> _WORK TO BE COMPLETED_
Every line from the one with "Adidas, Adidas Italy" to the end of the entries, both included, is to be copied exactly; the other lines stay out.

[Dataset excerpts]
------------
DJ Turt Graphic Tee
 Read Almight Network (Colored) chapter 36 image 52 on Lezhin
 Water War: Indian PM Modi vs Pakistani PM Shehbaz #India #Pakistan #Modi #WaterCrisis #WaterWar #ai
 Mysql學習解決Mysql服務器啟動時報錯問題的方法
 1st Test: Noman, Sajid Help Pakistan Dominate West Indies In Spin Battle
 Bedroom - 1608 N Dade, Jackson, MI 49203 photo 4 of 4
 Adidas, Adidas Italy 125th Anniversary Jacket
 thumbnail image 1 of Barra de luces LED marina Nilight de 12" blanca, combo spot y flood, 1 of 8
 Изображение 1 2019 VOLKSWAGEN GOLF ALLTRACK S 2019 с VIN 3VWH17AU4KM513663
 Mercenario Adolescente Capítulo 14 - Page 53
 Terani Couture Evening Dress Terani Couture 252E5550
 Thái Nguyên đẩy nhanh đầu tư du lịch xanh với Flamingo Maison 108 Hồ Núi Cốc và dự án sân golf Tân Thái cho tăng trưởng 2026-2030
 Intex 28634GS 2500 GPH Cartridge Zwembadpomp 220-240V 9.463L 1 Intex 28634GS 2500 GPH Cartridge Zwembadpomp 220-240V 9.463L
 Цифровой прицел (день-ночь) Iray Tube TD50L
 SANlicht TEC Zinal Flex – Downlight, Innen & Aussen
------------
> _OUTPUT BELOW_
 Adidas, Adidas Italy 125th Anniversary Jacket
 thumbnail image 1 of Barra de luces LED marina Nilight de 12" blanca, combo spot y flood, 1 of 8
 Изображение 1 2019 VOLKSWAGEN GOLF ALLTRACK S 2019 с VIN 3VWH17AU4KM513663
 Mercenario Adolescente Capítulo 14 - Page 53
 Terani Couture Evening Dress Terani Couture 252E5550
 Thái Nguyên đẩy nhanh đầu tư du lịch xanh với Flamingo Maison 108 Hồ Núi Cốc và dự án sân golf Tân Thái cho tăng trưởng 2026-2030
 Intex 28634GS 2500 GPH Cartridge Zwembadpomp 220-240V 9.463L 1 Intex 28634GS 2500 GPH Cartridge Zwembadpomp 220-240V 9.463L
 Цифровой прицел (день-ночь) Iray Tube TD50L
 SANlicht TEC Zinal Flex – Downlight, Innen & Aussen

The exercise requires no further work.